« Oracle Backup: Which Snapshot is best? (Part 4) | Main | Thin Provisioning Part II: Why TP Works Well for Oracle (Sometimes) »

In this post, I will discuss the concept of thin provisioning and database storage. There has been a lot of confusion on this issue recently, and I think that we need to clear the air and get some things straight.

First I would like to explain why thin provisioning is pretty much useless for Oracle datafiles right now. Then I will turn to how thin provisioning could be integrated into Oracle at which point it would be very interesting indeed.

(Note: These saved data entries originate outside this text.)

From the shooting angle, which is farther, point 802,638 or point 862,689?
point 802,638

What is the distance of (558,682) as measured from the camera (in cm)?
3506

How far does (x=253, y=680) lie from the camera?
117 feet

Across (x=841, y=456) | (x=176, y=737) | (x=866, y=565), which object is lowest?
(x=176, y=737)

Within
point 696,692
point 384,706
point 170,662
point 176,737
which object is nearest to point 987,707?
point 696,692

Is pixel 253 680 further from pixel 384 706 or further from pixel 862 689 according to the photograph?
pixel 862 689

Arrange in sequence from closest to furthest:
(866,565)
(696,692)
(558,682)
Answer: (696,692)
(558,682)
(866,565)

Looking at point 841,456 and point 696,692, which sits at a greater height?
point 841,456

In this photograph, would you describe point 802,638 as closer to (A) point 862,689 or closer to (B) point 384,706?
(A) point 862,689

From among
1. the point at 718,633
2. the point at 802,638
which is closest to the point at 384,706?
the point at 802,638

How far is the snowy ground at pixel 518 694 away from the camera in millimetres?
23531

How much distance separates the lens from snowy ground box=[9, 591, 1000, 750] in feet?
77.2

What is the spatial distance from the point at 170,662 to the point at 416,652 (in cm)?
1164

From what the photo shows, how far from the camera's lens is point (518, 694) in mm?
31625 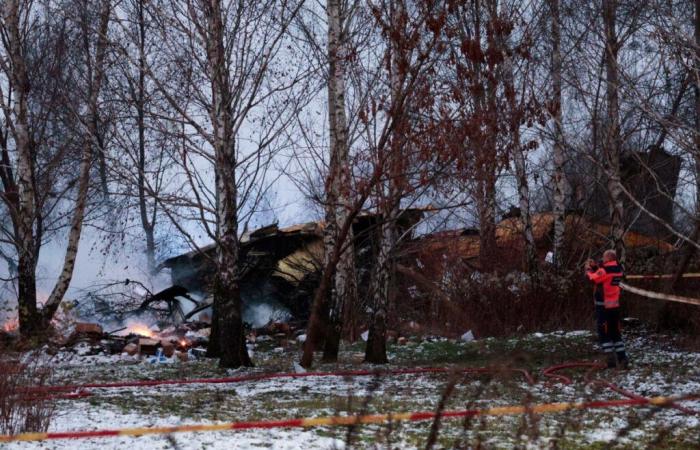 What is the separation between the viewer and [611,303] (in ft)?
38.9

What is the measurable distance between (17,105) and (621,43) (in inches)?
460

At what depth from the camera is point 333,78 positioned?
1500 cm

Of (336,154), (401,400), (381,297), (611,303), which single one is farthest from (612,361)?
(336,154)

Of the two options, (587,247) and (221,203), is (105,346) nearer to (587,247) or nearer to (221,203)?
(221,203)

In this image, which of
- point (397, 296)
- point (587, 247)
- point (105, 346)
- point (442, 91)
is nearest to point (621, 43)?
point (442, 91)

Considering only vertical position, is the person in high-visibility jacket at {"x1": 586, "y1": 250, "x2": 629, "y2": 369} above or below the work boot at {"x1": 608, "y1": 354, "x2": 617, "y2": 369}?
above

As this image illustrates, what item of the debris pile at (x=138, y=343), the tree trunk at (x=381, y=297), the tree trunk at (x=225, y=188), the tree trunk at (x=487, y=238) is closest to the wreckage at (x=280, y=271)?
the tree trunk at (x=487, y=238)

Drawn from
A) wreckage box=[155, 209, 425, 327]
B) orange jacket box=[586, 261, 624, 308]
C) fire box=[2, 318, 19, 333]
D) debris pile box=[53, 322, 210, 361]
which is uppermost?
wreckage box=[155, 209, 425, 327]

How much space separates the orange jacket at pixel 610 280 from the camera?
11750mm

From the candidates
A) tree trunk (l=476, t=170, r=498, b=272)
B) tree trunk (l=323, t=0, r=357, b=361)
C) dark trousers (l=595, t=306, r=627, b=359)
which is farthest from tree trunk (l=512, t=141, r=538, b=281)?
dark trousers (l=595, t=306, r=627, b=359)

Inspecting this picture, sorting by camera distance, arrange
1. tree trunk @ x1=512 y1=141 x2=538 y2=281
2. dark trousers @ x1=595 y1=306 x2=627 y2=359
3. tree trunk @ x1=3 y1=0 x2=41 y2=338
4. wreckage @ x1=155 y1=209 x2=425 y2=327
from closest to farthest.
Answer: dark trousers @ x1=595 y1=306 x2=627 y2=359, tree trunk @ x1=3 y1=0 x2=41 y2=338, tree trunk @ x1=512 y1=141 x2=538 y2=281, wreckage @ x1=155 y1=209 x2=425 y2=327

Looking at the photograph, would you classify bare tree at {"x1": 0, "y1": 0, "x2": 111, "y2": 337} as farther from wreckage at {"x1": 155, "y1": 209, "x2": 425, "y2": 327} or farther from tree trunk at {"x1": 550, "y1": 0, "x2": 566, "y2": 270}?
tree trunk at {"x1": 550, "y1": 0, "x2": 566, "y2": 270}

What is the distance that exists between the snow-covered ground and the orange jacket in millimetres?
982

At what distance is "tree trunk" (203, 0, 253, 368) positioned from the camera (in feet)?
43.9
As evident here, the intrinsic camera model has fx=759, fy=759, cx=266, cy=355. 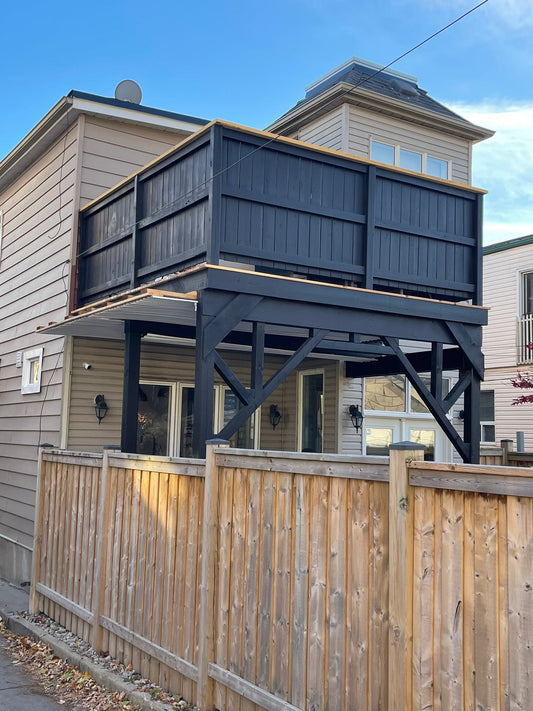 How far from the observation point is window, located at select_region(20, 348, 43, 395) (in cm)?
1096

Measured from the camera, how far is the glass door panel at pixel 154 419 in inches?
416

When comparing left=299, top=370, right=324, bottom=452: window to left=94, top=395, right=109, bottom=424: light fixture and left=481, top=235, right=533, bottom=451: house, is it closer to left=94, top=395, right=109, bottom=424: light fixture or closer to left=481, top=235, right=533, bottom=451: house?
left=94, top=395, right=109, bottom=424: light fixture

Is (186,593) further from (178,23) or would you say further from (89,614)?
(178,23)

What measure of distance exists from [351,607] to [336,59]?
553 inches

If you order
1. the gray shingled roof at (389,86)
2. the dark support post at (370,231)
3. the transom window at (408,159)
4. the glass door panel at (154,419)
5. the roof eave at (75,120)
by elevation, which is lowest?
the glass door panel at (154,419)

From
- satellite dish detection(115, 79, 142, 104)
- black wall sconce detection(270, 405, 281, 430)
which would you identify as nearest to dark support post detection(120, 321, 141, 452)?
black wall sconce detection(270, 405, 281, 430)

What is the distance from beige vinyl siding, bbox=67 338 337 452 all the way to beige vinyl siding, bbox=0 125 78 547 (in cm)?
27

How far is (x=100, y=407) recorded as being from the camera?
1002 cm

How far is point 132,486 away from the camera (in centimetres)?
622

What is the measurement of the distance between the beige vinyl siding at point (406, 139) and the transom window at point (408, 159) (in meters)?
0.07

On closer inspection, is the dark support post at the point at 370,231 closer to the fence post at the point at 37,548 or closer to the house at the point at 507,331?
the fence post at the point at 37,548

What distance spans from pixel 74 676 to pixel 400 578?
3.85 metres

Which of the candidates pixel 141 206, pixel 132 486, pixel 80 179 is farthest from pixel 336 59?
pixel 132 486

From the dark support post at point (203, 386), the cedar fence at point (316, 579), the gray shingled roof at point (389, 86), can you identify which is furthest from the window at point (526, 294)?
the cedar fence at point (316, 579) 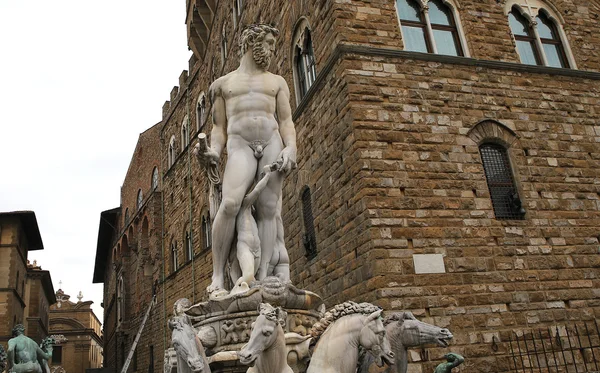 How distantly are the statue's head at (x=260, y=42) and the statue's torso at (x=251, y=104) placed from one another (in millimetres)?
150

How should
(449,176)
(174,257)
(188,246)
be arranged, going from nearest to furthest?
(449,176), (188,246), (174,257)

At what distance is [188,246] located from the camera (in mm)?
21406

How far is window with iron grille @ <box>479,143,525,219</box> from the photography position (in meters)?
8.72

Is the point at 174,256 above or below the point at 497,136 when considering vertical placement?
above

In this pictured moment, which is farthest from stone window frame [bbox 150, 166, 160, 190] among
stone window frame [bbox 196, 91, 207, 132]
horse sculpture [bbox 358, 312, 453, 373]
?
horse sculpture [bbox 358, 312, 453, 373]

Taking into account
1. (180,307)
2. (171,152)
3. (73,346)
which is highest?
(171,152)

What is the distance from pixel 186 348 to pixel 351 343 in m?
1.05

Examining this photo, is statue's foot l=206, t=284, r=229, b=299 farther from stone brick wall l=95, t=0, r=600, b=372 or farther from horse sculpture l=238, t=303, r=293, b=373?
stone brick wall l=95, t=0, r=600, b=372

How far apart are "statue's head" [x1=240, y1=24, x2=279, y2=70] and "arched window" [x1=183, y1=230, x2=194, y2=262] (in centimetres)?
1597

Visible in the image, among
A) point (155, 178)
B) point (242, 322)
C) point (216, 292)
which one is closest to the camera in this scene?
point (242, 322)

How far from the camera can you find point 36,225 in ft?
97.3

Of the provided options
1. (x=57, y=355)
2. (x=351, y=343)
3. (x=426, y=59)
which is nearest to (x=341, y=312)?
(x=351, y=343)

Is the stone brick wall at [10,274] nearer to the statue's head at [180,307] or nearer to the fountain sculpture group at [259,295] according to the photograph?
the fountain sculpture group at [259,295]

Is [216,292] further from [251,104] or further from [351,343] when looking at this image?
[251,104] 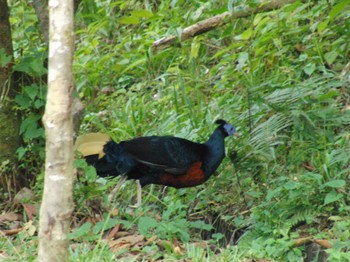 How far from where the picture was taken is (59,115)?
10.6 ft

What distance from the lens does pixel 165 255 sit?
479 centimetres

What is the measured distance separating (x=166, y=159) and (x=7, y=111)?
51.3 inches

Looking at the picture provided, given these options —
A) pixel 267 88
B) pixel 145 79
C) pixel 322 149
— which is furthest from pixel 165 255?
pixel 145 79

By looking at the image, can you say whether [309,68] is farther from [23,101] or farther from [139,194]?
[23,101]

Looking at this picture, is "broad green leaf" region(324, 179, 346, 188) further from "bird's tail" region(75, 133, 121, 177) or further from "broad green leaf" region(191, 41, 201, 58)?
"broad green leaf" region(191, 41, 201, 58)

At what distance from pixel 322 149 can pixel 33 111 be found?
2.27m

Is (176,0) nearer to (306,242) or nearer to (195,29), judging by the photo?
(195,29)

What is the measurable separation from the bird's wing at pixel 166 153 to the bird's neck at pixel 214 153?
0.26 feet

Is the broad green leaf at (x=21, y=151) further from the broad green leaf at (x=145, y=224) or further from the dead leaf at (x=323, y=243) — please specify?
the dead leaf at (x=323, y=243)

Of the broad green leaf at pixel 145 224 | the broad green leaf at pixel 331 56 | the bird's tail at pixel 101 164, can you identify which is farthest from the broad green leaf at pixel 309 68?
the broad green leaf at pixel 145 224

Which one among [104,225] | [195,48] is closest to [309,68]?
[195,48]

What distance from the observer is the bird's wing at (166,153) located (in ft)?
20.6

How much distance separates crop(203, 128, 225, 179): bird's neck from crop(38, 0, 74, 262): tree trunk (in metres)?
3.15

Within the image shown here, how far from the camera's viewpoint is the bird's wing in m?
6.27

OK, to start, I should define what I mean by thin provisioning. Assume you are a storage administrator, and you have a bunch of customers who need to store tons and tons of data. Many of you folks reading this post are probably in that category. What consumers of data on networked storage devices tend to do is the following:

  1. Figure out how much space they need to store their data.
  2. Double that because they know the data will grow over time.
  3. Double it again for ducks.

The effect is that storage consumers tend to be very liberal in their demands for storage. This becomes a problem for the storage administrator because costs balloon and utilization on the array is very low. A formula for aggressively and stupidly wasting money in other words. The following graphic illustrates this:

Thin1small

What you would like to do is the following:

  1. Give the customer a block of storage which is the size they are demanding.
  2. Under the covers, allocate a more realistic amount of storage, closer to what you think they really need right away.
  3. Monitor the storage, and add physical space to the device when you need it, in order to meet the demands for what your customer really needs.

The following graphic shows how this would work:

Thin2small

Note that the light grey, plus the yellow, represents the total space on the device. The over provisioned space is space which the array tells the customer he or she has, but it does not exist physically. It is then the storage administrator’s responsibility to make sure that physical space (i.e. disks) is added to the array in a timely manner in order to meet the customer’s expectations for space.

If this sounds like lying, you’re right. It certainly is. It’s a shell game. A very useful and cost effective shell game for many folks, though, given storage consumers’ propensity to ask for a lot of space they don’t need.

One assumption that is required in order for this to work at all, however, is the ability for the array to lie to the host operating system about the size of a file system or LUN which is served up to the host. For a file system like NFS or CIFS on a NAS box, this works well, as long as the data being stored is unstructured. Any given file is of a certain size, and that file’s space must be available for it to be stored. But the entire file system can certainly lie to the host and say its capacity is a terabyte, when it is really only 100 GB. No problem there, as long as the physical size is adequate to store the amount of data represented by the files actually in the file system.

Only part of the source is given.